Bank of England (BoE) deputy governor Jon Cunliffe believes that institutional investors will emerge from crypto’s present crisis with the commercial might of Amazon and eBay at their disposal.
Cunliffe compared the current crypto winter to the dotcom catastrophe of the 1990s, which saw several e-commerce platforms including Global Crossing, British business Boo.com, and American online shop Webvan, among others, lose their stock values.
Amazon (AMZN), IBM (IBM), and eBay (EBAY) are just a few of the companies that made it through the dotcom bust and are now emerging as major players in their respective areas. In the long run, Cunliffe expects the same outcome for investors who weather the crypto-winter.
Further, the public servant, who is 69 years old, equated internet technology to the current notion of cryptocurrency. Cryptocurrency technology and finance will continue beyond this weak market because it has the potential for tremendous efficiency and changes in market structure, like the dot-com boom.
After mentioning the Bank of England’s interest in CBDCs and stablecoins in April last year, Cunliffe presented an update on the work the bank has made in exploring these concepts.
A CBDC or a virtual currency that might be used in stablecoins created by private enterprises, he says, is the preferred option for the country’s financial industry, although he adds that more research is being conducted.

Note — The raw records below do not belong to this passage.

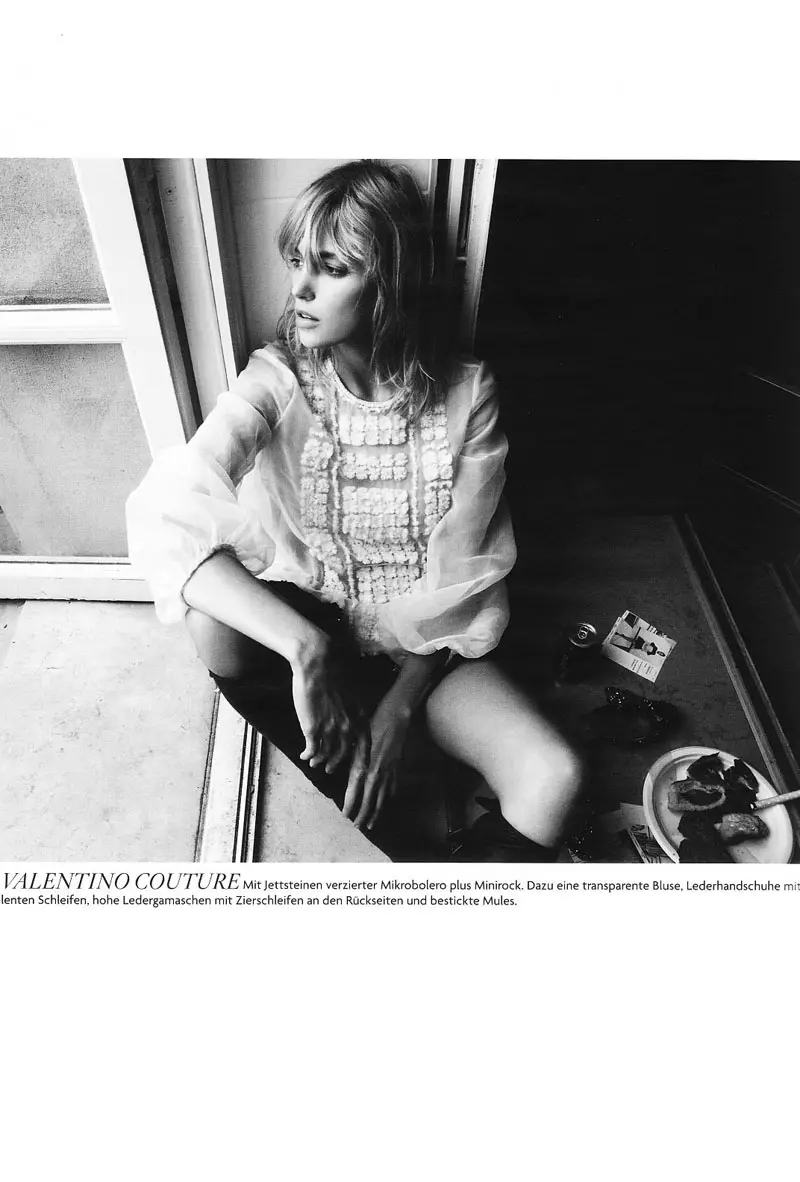 Anja Rubik de Camilla Akrans per a Vogue Germany, octubre de 2010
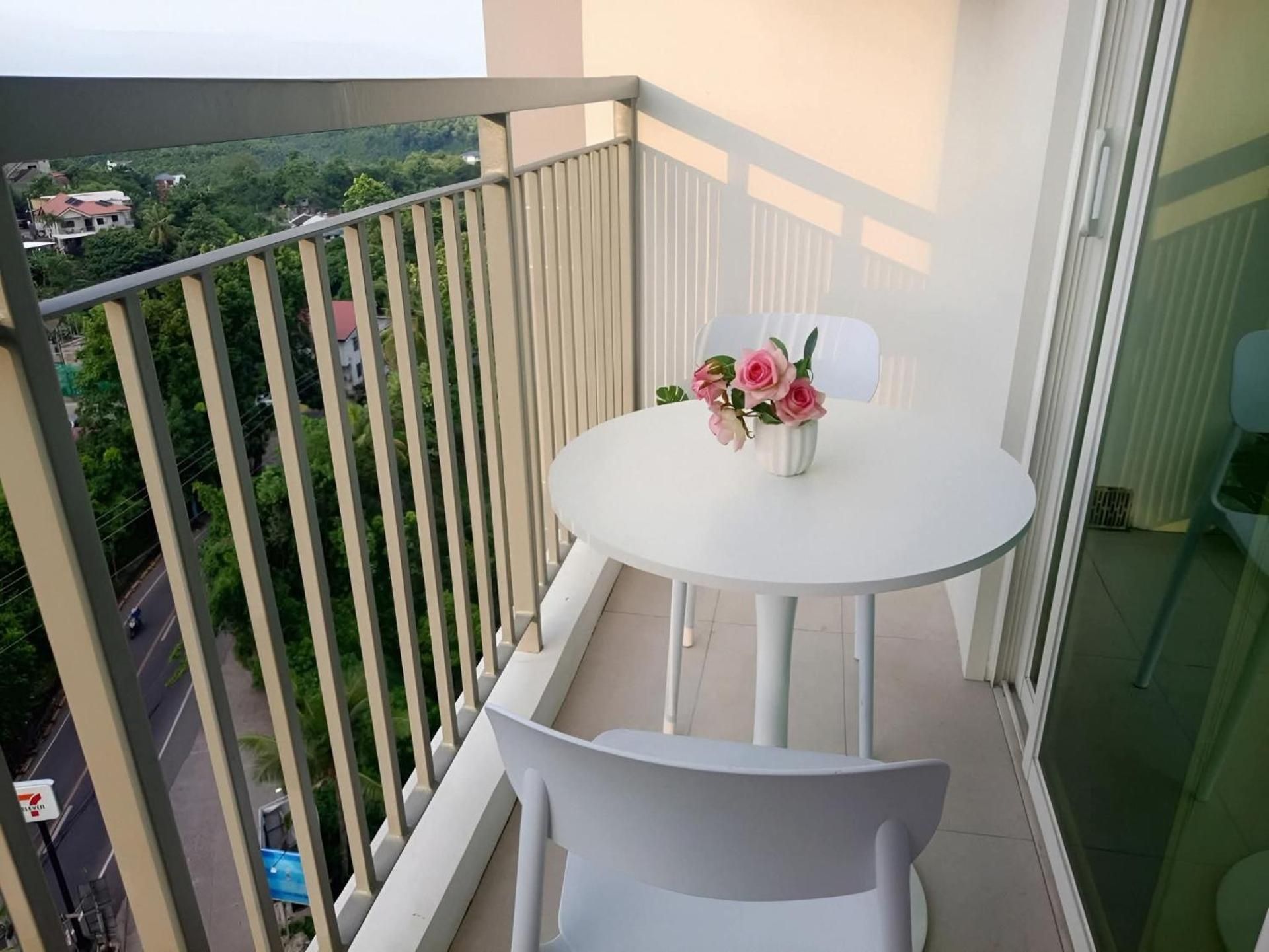Queen Room with Balcony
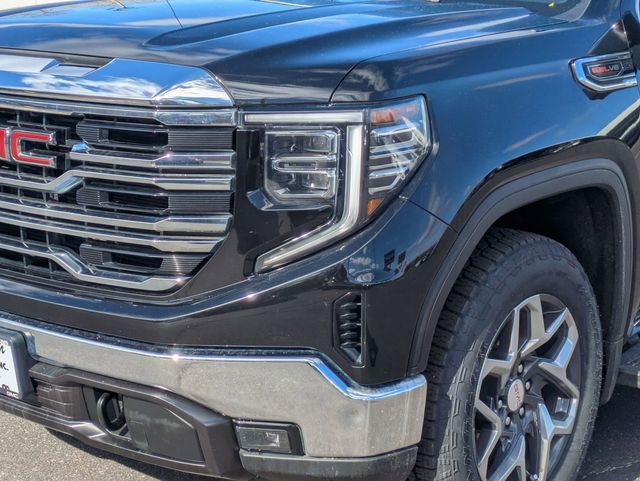 Certified 2023 GMC Sierra 1500 SLT w/ SLT Premium Package AWD/4WD image 9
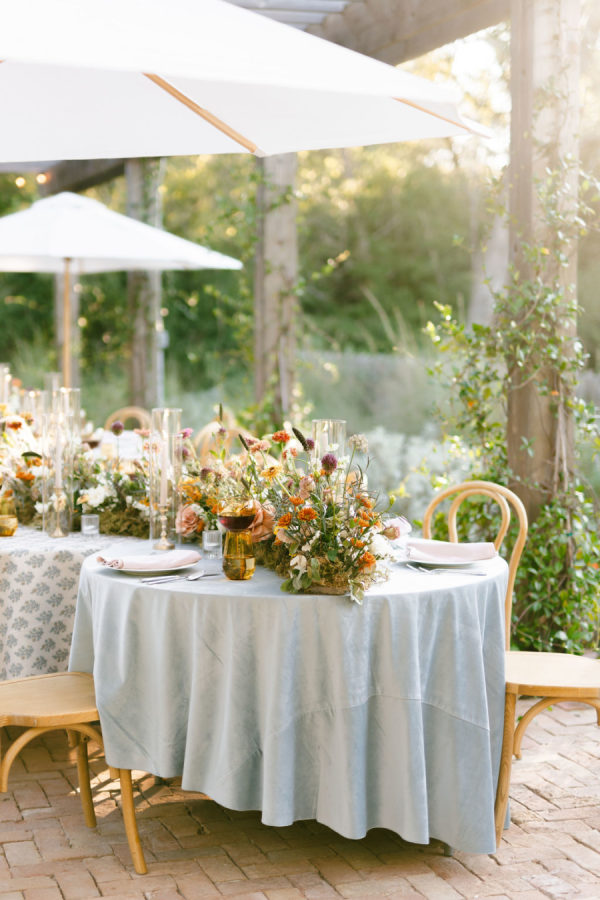 Serpentine Tables and Organic Tones of Late Autumn at The Grand Lady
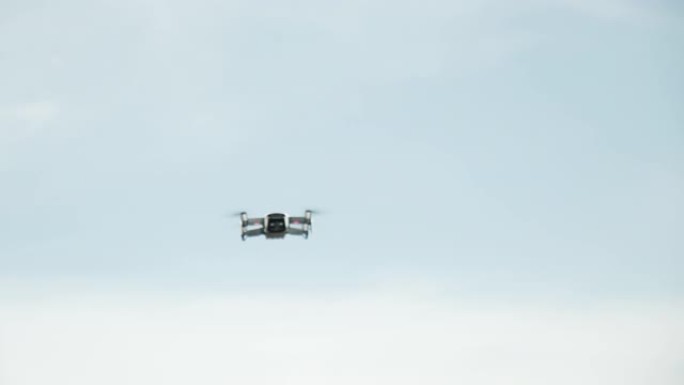 无人机在山上飞行的4k视频。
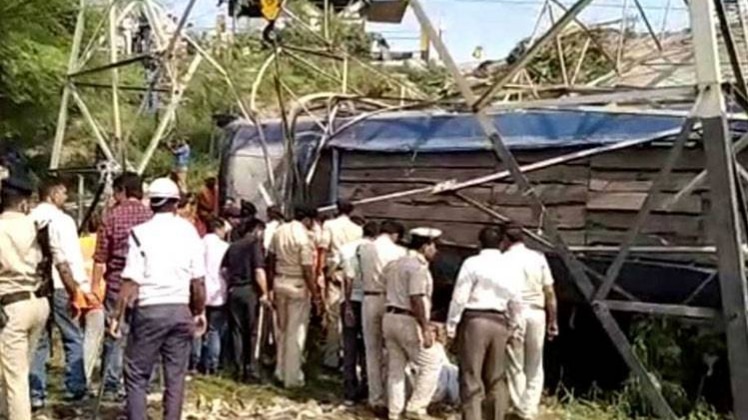 बस हादसे की तस्‍वीर (फोटो- रोहित सिंह )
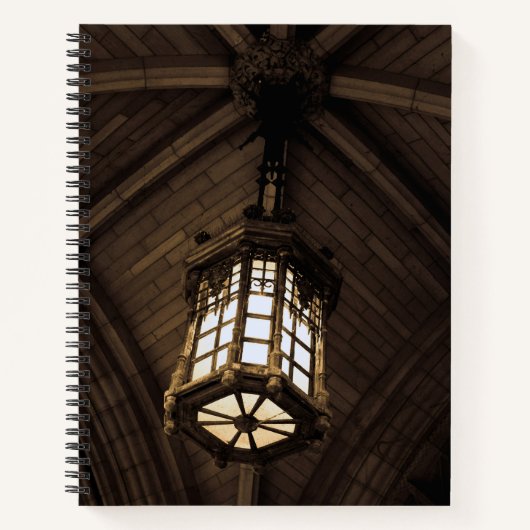 Gothic Hanger Light Spiral Notitieboek (Voorkant)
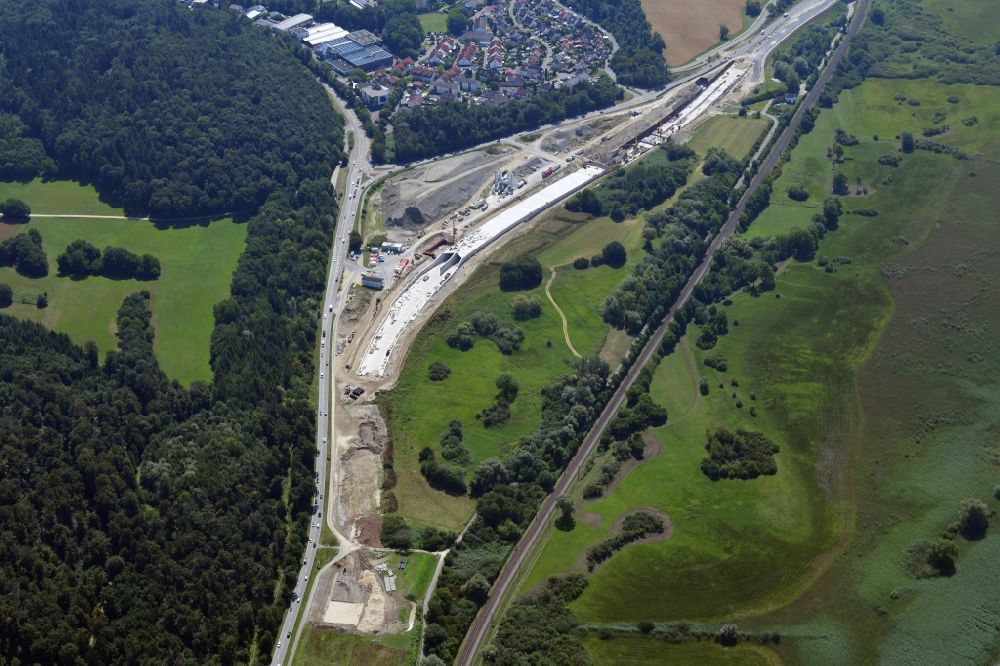 Luftbild Reichenau - Baustelle mit Tunnelführungsarbeiten für die Streckenführung und den Verlauf der B33 bei Konstanz in Reichenau im Bundesland Baden-Württemberg, Deutschland
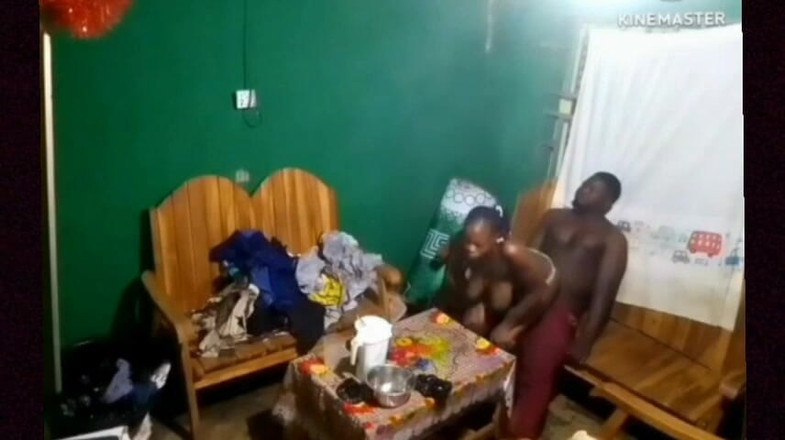 Viporn sex bais: Vidéo porno amateur maison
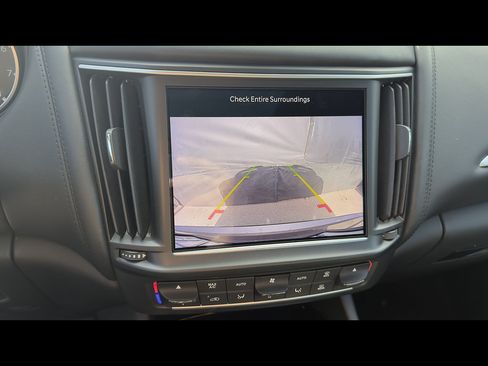 Used 2022 Maserati Levante Modena AWD/4WD image 9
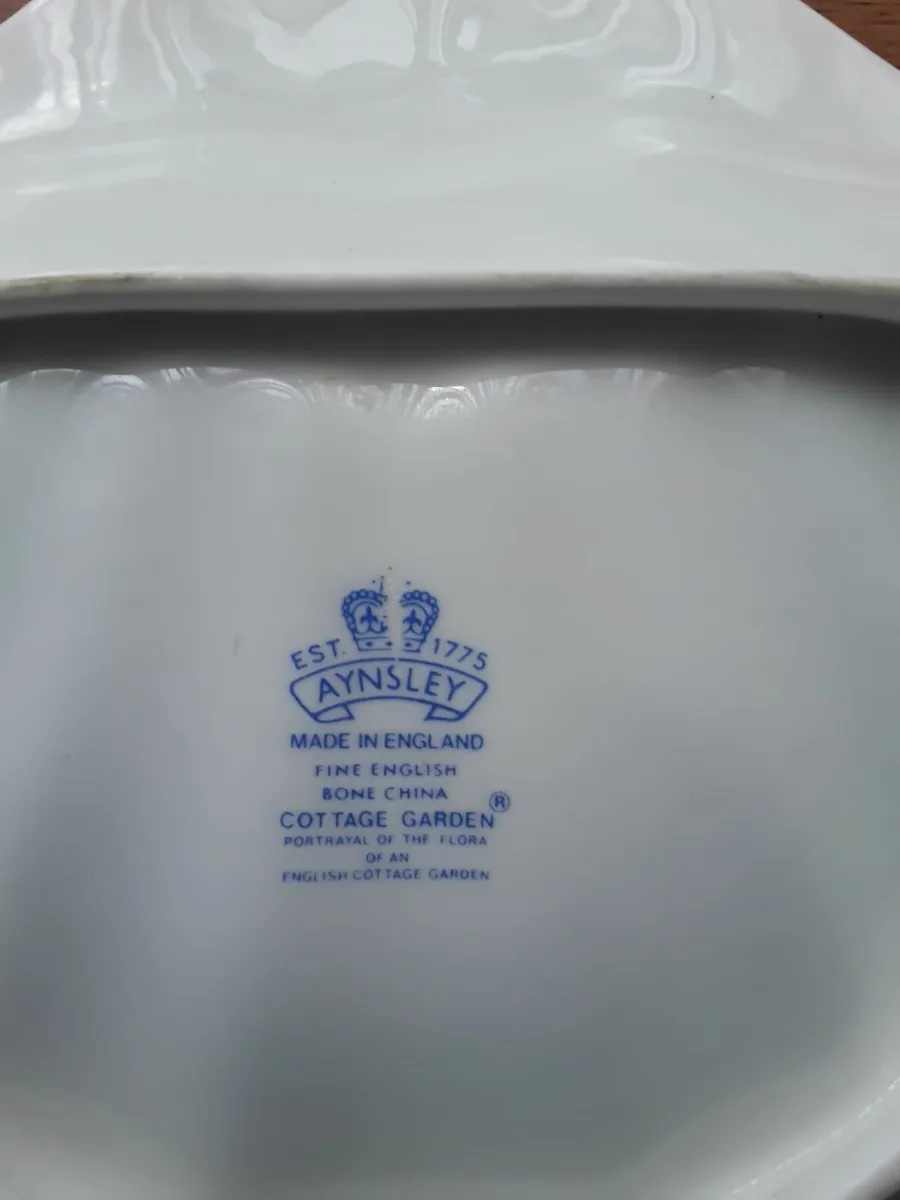 Aynsley collectible dish cottage garden - Image 3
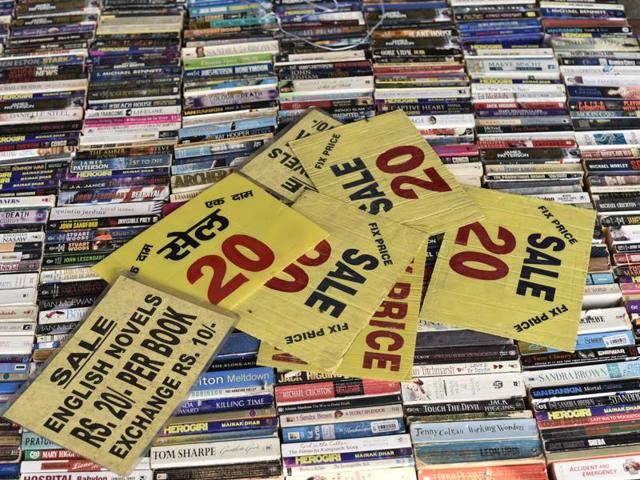 Avid readers often avail exchange schemes at the book bazaar, where they can get new books in exchange of older ones. This makes the bazaar Delhi’s own open-air lending or rotating library. (Vipin Kumar/HT PHOTO)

You may have heard about Tether recently launching a stablecoin based on the British Pound Sterling known as GBPT, which is expected to become live in early July. Tether said that the UK government’s support for crypto was a crucial factor in the decision to launch the program.
Two months ago, the British government announced ambitions to turn the nation into a worldwide hub of crypto technology. Rishi Sunak, chancellor of the Exchequer, has said that stablecoins would be integrated into the country’s financial system as part of these ambitions.